_Task description_
Please write out the complete listing that follows, exactly as it reads.

_Given information_

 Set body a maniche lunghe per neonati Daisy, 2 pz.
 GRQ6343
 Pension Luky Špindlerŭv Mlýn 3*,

_Task result_
 Set body a maniche lunghe per neonati Daisy, 2 pz.
 GRQ6343
 Pension Luky Špindlerŭv Mlýn 3*,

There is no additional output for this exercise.